Sometimes, in workshops or talks to writing groups, I remind people that you don’t ‘write a novel’, you write some words, then some more words, then some more – and eventually there’s a substantial pile of paper on the desk and you realise you actually have written something that’s a lot longer than a short story. I then add that, although that makes it sound easy and unstructured, it’s not, and I have great respect for the form and conventions of novel-writing. But it was a realisation that dawned on me as I was writing my first novel, which, after several years and many rewrites, became The Sparrow Conundrum. It’s also a reminder of the different people we have to be when we’re writing novels of any sort.

Before starting the book, I’d written lots of stage and radio plays which were produced and broadcast and a few short stories, but it never occurred to me that I might be a novelist until I read about a competition and decided to enter. I should point out that it now feels as if that happened around the time of the dissolution of the monasteries – no blogs, no Twitter or Facebook – just a biro, a notebook, an old portable Remington, lots of Tippex and that horrible carbon paper. I didn’t win the competition but I sent it to an agent and he took me on.

In the end, he didn’t manage to sell it, but the important thing was that it had shown me I could sustain and control an extended narrative, so I started writing the next one, which was an early version of The Darkness and which led me to another agent and my first published novel, Material Evidence.

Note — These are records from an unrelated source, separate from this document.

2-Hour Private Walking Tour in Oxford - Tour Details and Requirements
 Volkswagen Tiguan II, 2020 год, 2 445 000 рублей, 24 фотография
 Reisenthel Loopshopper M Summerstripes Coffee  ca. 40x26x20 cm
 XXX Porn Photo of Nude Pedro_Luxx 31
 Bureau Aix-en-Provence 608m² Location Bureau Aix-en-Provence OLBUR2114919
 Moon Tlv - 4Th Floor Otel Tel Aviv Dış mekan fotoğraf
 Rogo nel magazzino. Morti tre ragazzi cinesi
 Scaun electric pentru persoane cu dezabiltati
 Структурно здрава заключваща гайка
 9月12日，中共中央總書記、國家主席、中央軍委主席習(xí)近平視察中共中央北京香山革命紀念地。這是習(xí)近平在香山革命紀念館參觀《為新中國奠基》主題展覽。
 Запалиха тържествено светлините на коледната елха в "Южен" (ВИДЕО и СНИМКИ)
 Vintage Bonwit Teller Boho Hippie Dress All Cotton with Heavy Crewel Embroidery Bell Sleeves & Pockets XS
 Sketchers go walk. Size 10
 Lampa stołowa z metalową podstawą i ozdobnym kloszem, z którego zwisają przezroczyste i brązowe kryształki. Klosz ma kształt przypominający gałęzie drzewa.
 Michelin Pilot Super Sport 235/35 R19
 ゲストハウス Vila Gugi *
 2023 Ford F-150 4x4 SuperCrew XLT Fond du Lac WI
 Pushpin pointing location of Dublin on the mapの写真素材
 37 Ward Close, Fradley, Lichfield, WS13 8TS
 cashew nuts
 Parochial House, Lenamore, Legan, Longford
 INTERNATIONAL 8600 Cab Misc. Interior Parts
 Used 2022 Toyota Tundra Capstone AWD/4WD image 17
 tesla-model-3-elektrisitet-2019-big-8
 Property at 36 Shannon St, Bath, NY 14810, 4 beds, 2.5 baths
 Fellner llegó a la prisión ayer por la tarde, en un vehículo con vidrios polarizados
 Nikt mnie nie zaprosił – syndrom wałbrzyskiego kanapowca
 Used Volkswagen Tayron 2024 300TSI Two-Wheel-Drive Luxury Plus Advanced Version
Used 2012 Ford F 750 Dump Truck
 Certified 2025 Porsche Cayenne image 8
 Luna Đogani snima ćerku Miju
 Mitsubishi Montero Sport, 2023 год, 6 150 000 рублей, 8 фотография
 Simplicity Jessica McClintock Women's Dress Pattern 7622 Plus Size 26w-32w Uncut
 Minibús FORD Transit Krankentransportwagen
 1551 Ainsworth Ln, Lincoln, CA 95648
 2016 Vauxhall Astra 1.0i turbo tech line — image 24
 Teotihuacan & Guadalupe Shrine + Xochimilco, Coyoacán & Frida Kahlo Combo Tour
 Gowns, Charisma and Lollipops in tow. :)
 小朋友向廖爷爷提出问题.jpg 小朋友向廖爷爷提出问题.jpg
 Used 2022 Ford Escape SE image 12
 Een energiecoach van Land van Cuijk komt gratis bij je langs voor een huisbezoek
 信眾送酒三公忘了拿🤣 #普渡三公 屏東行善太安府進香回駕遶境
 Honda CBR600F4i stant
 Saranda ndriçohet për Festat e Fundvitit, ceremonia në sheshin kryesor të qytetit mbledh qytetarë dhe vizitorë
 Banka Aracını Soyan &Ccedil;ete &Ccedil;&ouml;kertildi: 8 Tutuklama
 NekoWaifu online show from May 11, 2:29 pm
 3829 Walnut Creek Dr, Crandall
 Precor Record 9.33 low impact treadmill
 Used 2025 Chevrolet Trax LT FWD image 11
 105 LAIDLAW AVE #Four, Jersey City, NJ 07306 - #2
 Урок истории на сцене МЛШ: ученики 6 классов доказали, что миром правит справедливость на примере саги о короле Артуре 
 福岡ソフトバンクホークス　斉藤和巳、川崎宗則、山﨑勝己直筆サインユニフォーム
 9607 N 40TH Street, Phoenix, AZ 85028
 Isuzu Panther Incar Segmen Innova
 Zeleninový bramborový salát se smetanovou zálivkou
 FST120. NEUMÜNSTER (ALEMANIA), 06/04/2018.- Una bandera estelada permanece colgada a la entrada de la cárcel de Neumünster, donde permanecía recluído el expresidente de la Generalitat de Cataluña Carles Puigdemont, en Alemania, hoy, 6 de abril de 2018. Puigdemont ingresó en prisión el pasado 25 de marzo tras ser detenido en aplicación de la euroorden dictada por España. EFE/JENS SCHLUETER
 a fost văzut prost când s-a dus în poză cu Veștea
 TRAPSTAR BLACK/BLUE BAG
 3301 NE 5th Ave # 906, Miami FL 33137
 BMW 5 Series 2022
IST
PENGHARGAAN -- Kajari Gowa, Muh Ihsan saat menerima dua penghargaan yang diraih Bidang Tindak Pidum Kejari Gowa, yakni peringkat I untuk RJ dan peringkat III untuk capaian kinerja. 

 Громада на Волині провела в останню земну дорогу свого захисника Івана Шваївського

Needless to say, The Sparrow Conundrum, while essentially the same story, has evolved through rewrites, changes of setting and personnel, updating and other processes. But mostly, the experience of eventually seeing it in print and ebook form confirmed what I’d always believed – that ideas, words, even apparently unwanted stories can be successfully recycled. The Darkness is another example. As I said, it was the second novel I wrote but, after many, many rewrites and changes of title, personnel, themes and a final significant shift in its moral stance, it eventually seemed ready for publication. And both have been well reviewed and won awards.

‘Recycling’ doesn’t just mean doggedly sending a book off to agents and/or publishers until one of them surrenders; it suggests a deliberate separation of the creative functions of writer, editor and critic. And that separation is even more critical now that it's become so much easier to publish our books. We all know that a good editor can bring to a book insights that never occurred to the writer but, with the power and influence of those excellent people waning significantly nowadays (at least in the publishing houses), we need to make sure that we don’t lose the qualities they helped to nurture. By all means write the first draft in a flurry of creativity and carelessness, but then step back, assess it critically and be your own worst enemy in judging pace, characterisation and the rest.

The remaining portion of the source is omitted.